Thanks for correcting me. Its a mil gauge as you mentioned. Ive seened it used. when I said sections of clear coat, i was referring to the sections which has thicker clear coat then other like curved areas. When I wet sanding my car, I did a bit of research at some body shops and they all told me what sections to watch out for and never let the sand paper touch at all. I had alot of fun doing it and my car looks 200xs better. but i still dont recommend if some one is not prepared to get a paint job if they screw up.
Ahhh...OK. Now it makes sense.
Using a mil gauge, find the areas that are 'lean' on paint and either stay away from them, or do them very lightly.
Thanks to you all for your great feedback. Before I could tell the detailer that I'm going to take my car back, he called me and said he polished and glazed my car again and it looks fine. We'll see when I pick it up. If it is still not in good order, I'll just find another guy. That said, one last quick quesiton...how many times can one polish a car without starting to really thin out a clear coat?
Thanks to you all for your great feedback. Before I could tell the detailer that I'm going to take my car back, he called me and said he polished and glazed my car again and it looks fine. We'll see when I pick it up. If it is still not in good order, I'll just find another guy. That said, one last quick quesiton...how many times can one polish a car without starting to really thin out a clear coat?
Thanks!
Here's the deal on black paint and swirl marks....Polishing is good and removes fine scratches and swirls. Depending on the grit of the polish, you should be able to do this 2 or 3 times a year. A glaze is a temporary filler that shines for a short time - until you wash the car again! In my opinion this is a lazy and cheap way to obtain a 'short term' shine. The key is to remove the swirls with polish, then use a quality wax that will last for more than one hand wash! A variety of quality products are out there. But, you must either use a wax or sealer after polish to make the shine last. Also, do not use Ajax to wash your car!

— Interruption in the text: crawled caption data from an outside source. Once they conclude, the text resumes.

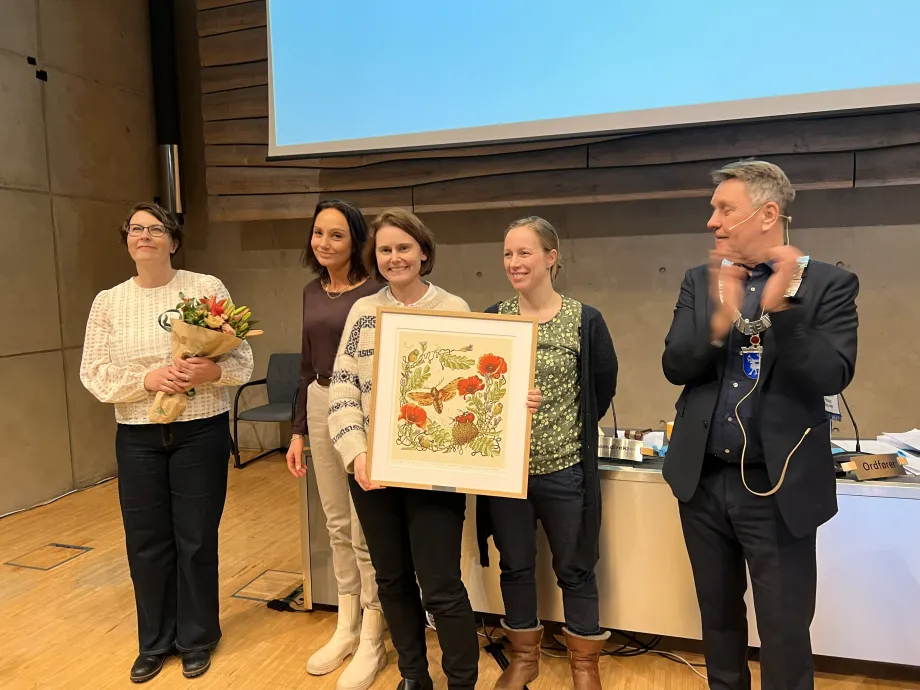 Medlemmer av Blues mothers fotograferes sammen med ordføreren.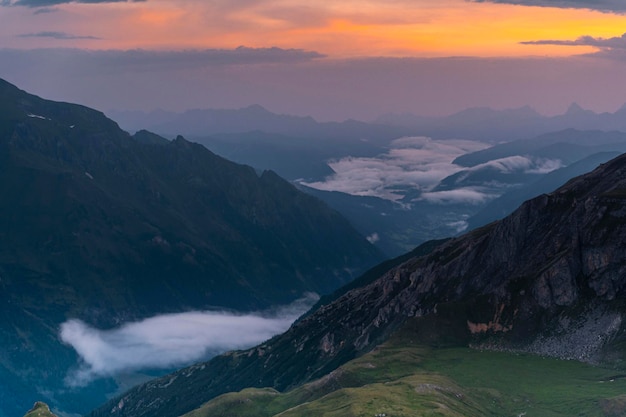 Schöner Sonnenaufgang in Österreich Alpenlandschaft Natur und Berge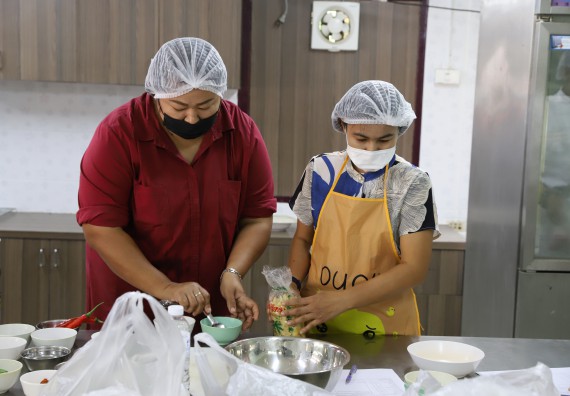 ภาพกิจกรรม  โปรแกรมวิชาวิทยาศาสตร์และเทคโนโลยีการอาหาร จัดอบรมเชิงปฏิบัติการ เรื่อง การสร้างสรรค์เมนูอาหารสุขภาพจากเห็ด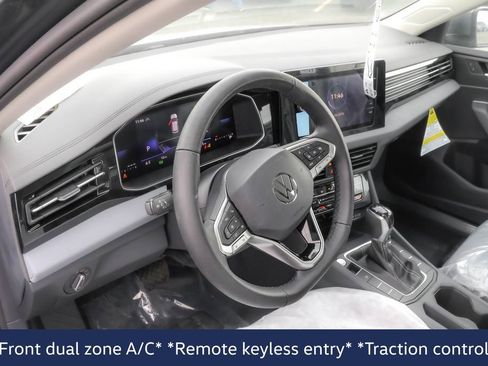 New 2026 Volkswagen Jetta SE FWD image 4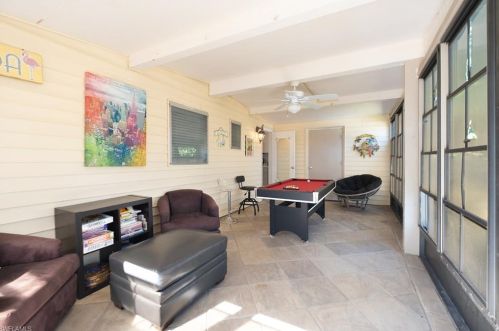 2047 Hbr Ln, Naples FL 34104-4218 exterior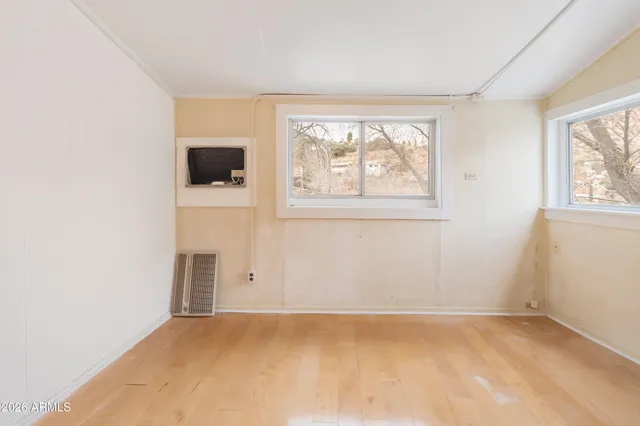 a view of walk in closet with yard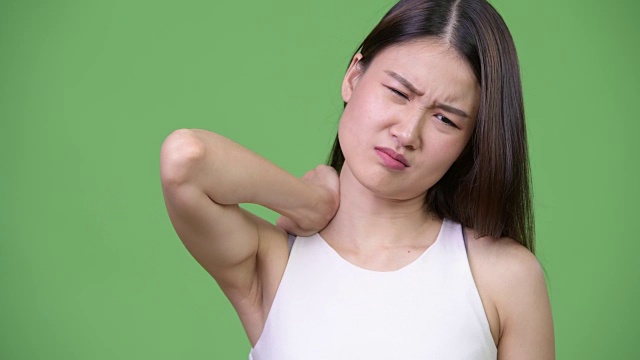 年轻美丽的亚洲女商人颈部疼痛视频下载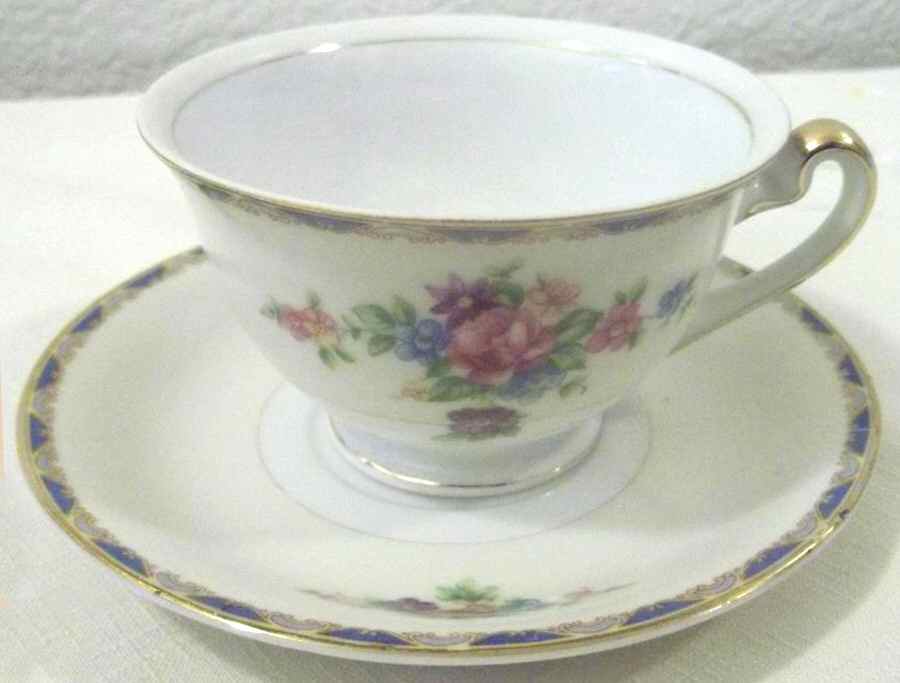 SAK9 Footed Cup & Saucer Set by Sakura-1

Cant give you an answer on that one. It all depends how agressive they got the prior times it was detailed!!!! Polishing really dosent remove much clear, Wet-sanding on the other hand can remove ALL of the clear if not done correctly. IMHO, I would not wet-sand!!! I have always had great luck with Maguires swirl-remover applied by machine, stay away from the edges of panels and finish around the edges by hand. I follow it up with a couple coats of NXT spread really thin, I do the second coat to elimanate ANY chance of missed spots or uneven finish. Then I make sure that ALL of my detailing stuff stays clean and dust free!!
A glaze is a temporary filler that shines for a short time - until you wash the car again! In my opinion this is a lazy and cheap way to obtain a 'short term' shine. The key is to remove the swirls with polish, then use a quality wax that will last for more than one hand wash! A variety of quality products are out there. But, you must either use a wax or sealer after polish to make the shine last.